What a treat to be on the boat again, with its bizarre ability to stretch time and slow life.
Yesterday evening, as we headed downriver through places as unknown as every other to the students on board, from Spain, Germany and France, I was relishing my backyard from a perspective I rarely get. We pulled up for the night in a village where I worked for six months not so long ago and, once we’d cooked and eaten and washed up, we ambled into the pub by the lock where I fully expected to meet people I know. (Until I realised it was ten minutes off closing time.)
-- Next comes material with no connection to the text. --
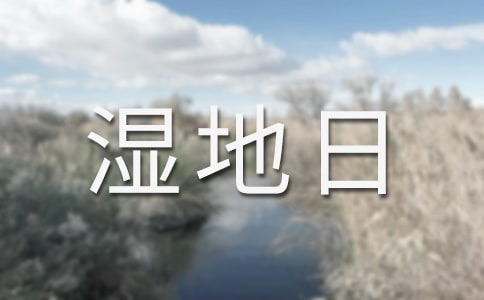 2021世界濕地日是什么時候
There are beautiful, peaceful stretches of the Thames south of Oxford where the trees and bushes crowd thickly to the water, with no sign of human life. It reminds me so much of river trips I took in Cameroon – even the northern European plants don’t really break the illusion of rainforest – that I find myself looking out for water snakes and listening for grey parrots. Then we round a bend and the towers of Didcot power station loom across the fields.
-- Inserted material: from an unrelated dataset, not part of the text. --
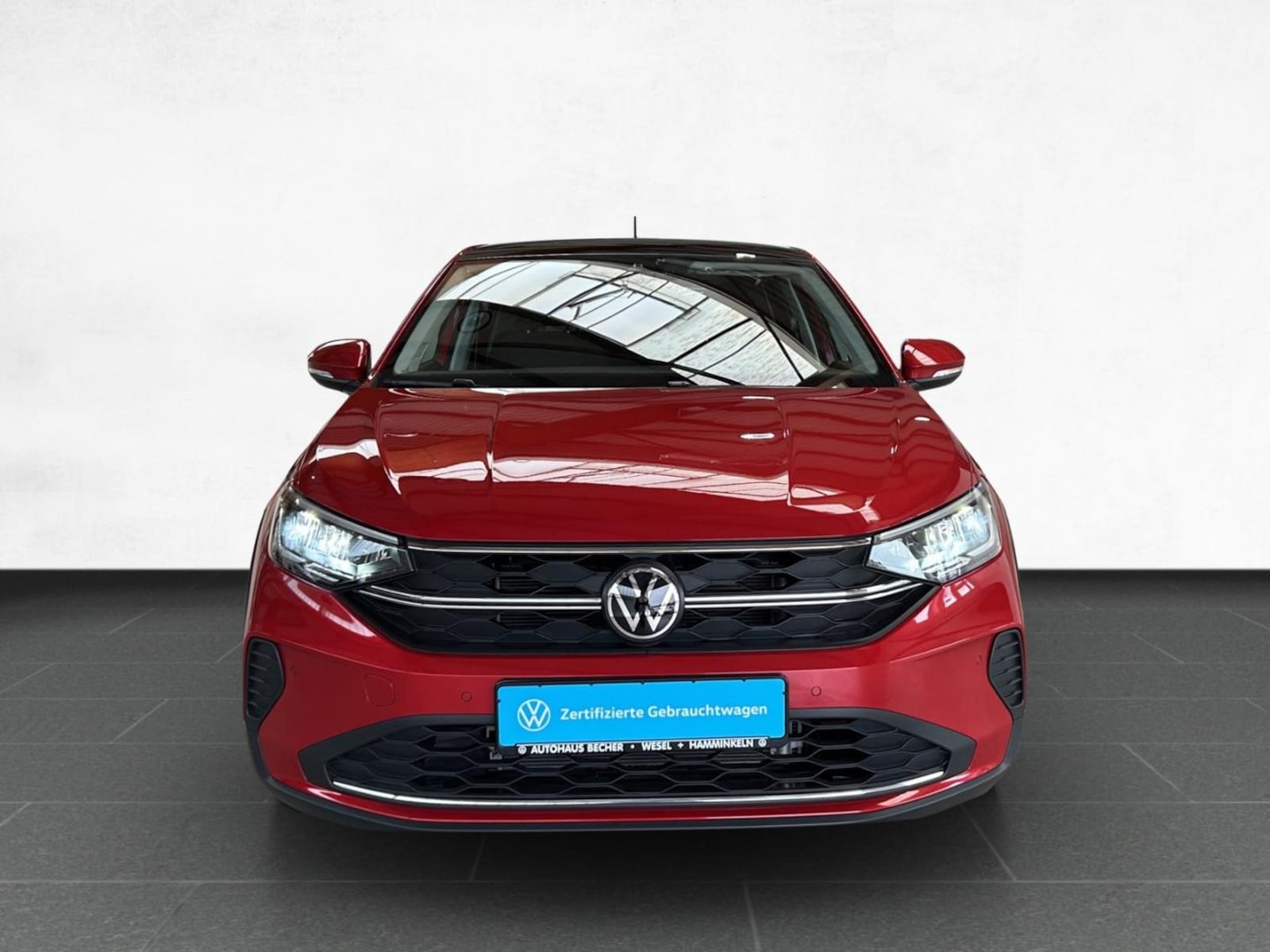 Volkswagen Taigo – Bild 3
I wasn’t here to teach, but I couldn’t really help doing what I usually do between classes on the boat, chatting with the students, talking about word forms and correcting tenses and prepositions and pronunciation. I love it. I will have to be here for a full fortnight next year.
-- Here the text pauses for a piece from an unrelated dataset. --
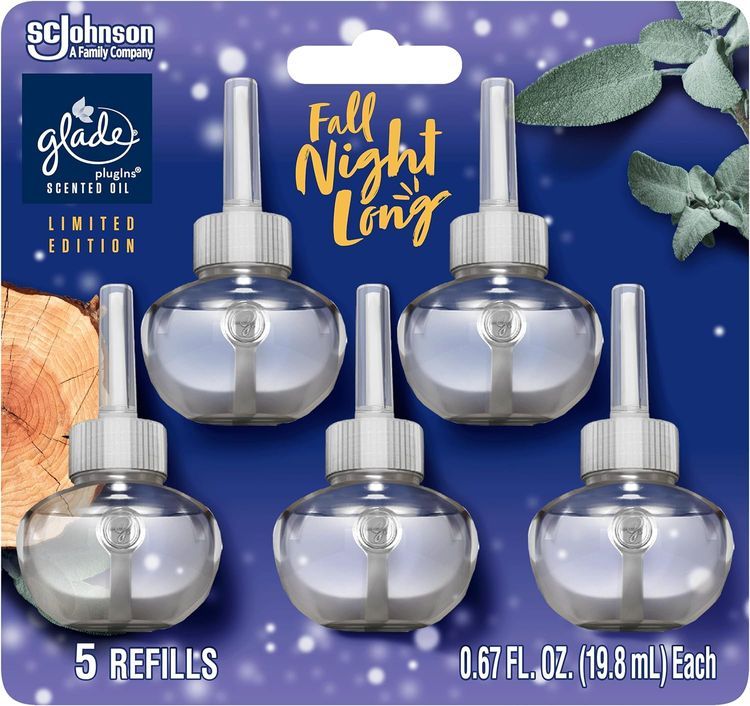 No. 8 - Glade PlugIns Refills Air Freshener - 1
But I had to get back to Oxford. I’d thought I’d cycle back but I hadn’t planned it properly and the possible routes weren’t safe on a bike. There were loads of places I could have got off and caught a bus but the bike made that impossible. So I needed to leave within reach of a train station. We thought Goring would work, but we weren’t making fast progress so I checked the map again and it looked like I could get out at a slipway just a mile from Cholsey station. Well, yes, but when we got there it was clear I’d have to slither off the boat into the Thames up to my thighs, have my bike handed to me, then carry it, chain above water, handlebars above head, to the bank. Of course my new friends on the boat videoed me.
I dripped onto the train, warped into a bewilderingly fast world and got myself home, boatsick.